The reason for this has to do with how document routing is done (how we determine which shard a particular document lives on).

By default, the routing is done by taking the id of the document (as specified in the URL path when indexing), getting a hash of that value and then getting the modulo of the value wrt the number of shards (the remainder if we integer divide the hash value by the number of shards). So, for example if I create an index with 5 shards, and index a document with id of foo then we do the following:

shardNum = hash("foo") % 5

Which gives us a number between 0 and 4. Lets say in this case the shardNum is 3 so the document will be indexed on shard 3 of that index. The same applies when you GET a document. You send a request like the following:

curl -XGET "http://localhost:9200/my_index/my_type/foo"

From just this information we need to know which shard to go and get the document from so we use the same formula as above and hash "foo" and then get the modulo wrt the number of shards (5) which will again be 3 and we can go to the correct shard to get the document.

With parent-child documents it works slightly differently because when indexing a child document instead of using the id as the routing value that we hash, we use the parent query parameter. this means that both the parent and child end up on the same shard because the result of the routing algorithm will be the same for both.

When you index a grandchild the parent query parameter points to the child document and we have no reference in the request that there is a parent above that child. Your request in that case might look like this:

curl -XGET "http://localhost:9200/my_index/my_type/baz?parent=bar"
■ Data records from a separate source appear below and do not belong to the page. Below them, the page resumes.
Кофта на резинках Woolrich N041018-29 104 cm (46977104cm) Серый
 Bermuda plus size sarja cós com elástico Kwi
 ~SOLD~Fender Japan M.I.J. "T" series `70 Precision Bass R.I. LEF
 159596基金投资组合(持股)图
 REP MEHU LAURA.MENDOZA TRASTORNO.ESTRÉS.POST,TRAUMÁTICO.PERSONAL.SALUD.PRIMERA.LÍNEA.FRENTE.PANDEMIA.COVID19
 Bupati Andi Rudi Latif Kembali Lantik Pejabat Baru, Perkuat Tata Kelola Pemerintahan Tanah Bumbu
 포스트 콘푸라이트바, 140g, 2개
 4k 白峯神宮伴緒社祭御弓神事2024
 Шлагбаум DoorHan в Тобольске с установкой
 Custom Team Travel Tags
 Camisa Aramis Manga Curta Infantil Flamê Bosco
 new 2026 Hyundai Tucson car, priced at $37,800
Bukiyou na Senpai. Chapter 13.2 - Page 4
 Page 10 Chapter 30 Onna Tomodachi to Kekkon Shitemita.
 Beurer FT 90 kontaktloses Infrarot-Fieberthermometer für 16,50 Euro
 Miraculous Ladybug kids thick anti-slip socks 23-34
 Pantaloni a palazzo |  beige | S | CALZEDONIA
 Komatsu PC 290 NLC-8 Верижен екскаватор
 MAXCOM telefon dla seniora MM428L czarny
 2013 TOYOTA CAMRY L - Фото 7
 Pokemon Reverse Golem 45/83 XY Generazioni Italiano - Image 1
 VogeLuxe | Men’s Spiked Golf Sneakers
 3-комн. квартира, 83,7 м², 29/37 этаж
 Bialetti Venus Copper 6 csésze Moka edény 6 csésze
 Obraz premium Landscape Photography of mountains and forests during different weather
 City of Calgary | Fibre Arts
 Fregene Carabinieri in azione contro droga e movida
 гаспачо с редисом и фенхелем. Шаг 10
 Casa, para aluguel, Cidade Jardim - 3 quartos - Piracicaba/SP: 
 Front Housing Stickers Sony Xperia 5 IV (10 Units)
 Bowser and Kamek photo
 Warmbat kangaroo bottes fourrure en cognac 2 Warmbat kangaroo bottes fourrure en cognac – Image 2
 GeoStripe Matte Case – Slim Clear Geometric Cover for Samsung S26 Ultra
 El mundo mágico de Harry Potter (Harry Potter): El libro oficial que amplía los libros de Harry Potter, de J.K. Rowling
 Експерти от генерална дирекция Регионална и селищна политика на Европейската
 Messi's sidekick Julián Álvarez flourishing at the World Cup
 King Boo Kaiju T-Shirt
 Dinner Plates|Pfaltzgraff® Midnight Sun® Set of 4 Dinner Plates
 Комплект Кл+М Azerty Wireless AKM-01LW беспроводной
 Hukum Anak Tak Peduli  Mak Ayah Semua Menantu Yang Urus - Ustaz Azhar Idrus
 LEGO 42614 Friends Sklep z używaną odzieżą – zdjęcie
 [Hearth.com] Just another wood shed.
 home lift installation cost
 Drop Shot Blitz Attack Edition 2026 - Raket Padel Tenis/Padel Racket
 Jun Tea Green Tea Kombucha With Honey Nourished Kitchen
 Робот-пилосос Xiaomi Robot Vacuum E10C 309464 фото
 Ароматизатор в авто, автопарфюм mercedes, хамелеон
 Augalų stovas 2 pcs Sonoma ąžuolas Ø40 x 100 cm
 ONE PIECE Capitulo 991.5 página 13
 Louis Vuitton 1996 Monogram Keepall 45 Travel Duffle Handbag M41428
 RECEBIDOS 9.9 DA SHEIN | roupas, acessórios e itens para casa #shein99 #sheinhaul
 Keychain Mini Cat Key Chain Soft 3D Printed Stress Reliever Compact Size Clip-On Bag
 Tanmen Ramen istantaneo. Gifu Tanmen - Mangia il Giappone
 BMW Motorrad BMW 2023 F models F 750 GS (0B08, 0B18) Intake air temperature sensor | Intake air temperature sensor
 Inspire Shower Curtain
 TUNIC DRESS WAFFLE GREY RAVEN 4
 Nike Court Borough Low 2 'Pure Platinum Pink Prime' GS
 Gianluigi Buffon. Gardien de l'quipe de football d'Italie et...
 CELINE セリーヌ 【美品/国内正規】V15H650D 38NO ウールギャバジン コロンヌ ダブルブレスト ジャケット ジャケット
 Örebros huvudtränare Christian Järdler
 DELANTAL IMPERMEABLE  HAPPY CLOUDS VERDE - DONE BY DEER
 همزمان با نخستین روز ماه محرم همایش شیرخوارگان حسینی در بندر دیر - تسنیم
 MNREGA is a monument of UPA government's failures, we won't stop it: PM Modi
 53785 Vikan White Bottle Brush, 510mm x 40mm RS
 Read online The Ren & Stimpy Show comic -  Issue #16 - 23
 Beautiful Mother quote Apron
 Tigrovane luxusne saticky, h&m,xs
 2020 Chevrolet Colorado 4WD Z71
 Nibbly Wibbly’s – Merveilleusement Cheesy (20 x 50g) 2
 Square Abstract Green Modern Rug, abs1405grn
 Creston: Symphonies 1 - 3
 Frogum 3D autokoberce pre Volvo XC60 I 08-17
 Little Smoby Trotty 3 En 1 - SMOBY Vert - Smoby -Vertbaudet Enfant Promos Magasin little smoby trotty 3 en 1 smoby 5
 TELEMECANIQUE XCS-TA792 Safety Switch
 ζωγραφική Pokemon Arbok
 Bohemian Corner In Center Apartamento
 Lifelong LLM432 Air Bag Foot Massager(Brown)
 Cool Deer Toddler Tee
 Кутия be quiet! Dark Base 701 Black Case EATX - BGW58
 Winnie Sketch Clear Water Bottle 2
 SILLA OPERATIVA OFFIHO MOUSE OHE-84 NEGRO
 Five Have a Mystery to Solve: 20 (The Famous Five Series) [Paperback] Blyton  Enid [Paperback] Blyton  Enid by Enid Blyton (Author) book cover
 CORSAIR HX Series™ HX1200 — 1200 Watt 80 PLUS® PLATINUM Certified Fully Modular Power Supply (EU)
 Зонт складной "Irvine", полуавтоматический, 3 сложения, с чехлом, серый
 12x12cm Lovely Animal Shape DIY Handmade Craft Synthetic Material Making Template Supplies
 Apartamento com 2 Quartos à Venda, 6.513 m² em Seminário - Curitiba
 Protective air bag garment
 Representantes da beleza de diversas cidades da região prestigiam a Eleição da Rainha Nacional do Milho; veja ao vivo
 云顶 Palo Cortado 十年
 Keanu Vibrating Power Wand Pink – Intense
Now because the request does not mention the fact that the parent bar might have a parent of it's own then Elasticsearch would use bar as the routing value in the routing algorithm and the document may end up on a different shard to its parent (and grandparent) which had foo used as its routing value (I am assuming here that the document with id bar was indexed referencing a parent foo).

So we need to tell Elasticsearch that it should not use the parent as the routing value for the grandchild document but instead should use the id of the document at the top generation (in this case "foo"). We have to do this by setting a custom routing value:

curl -XGET "http://localhost:9200/my_index/my_type/baz?parent=bar&routing=foo"

Does that make sense?

(Yehosef) #3

Thanks for the detailed explanation. I understand better now. You are determining the shard based on a hashing algorithm of the parent name - not the actual shard location of the parent.

Is the reason for this approach that it's too slow to figure out what shard the parent is on via a query? (this would all be internal on the Elasticsearch level - the client wouldn't need to do a specific query.) It could be that even if this is slower, it make sense to provide it as an option because it's not clear that a child would immediately know it's grandparent. In the case given presumably someone that works in "london" knows already their are in "uk". But if I had a comment on a picture in a post, it's possible that the when indexing the comment doesn't know the post id and I would have to query some data store to pull out that info anyway.

Using the approach of "routing" - you would alway put in the "oldest" ancestor if I had multiple levels correct?

(Colin Goodheart-Smithe) #4

Yes but also because when you do a has_child search query where you are looking for parent documents whose children have specific attributes you need to have both the parent and children in the same place (shard) so you don't have to do lots of network hops between shards gathering and processing the join. Distributed joins are very problematic, and do not scale well.

Yes, to do this you would need to perform a query to find the post id and then use it as the routing value.

Yes, the routing value is always the id of the document at the top of the hierarchy.

(Yehosef) #5

Thanks again. I understand why I need the children on the same shard as the parent, what I'm still not sure I understand is why I need to specify the grandparent.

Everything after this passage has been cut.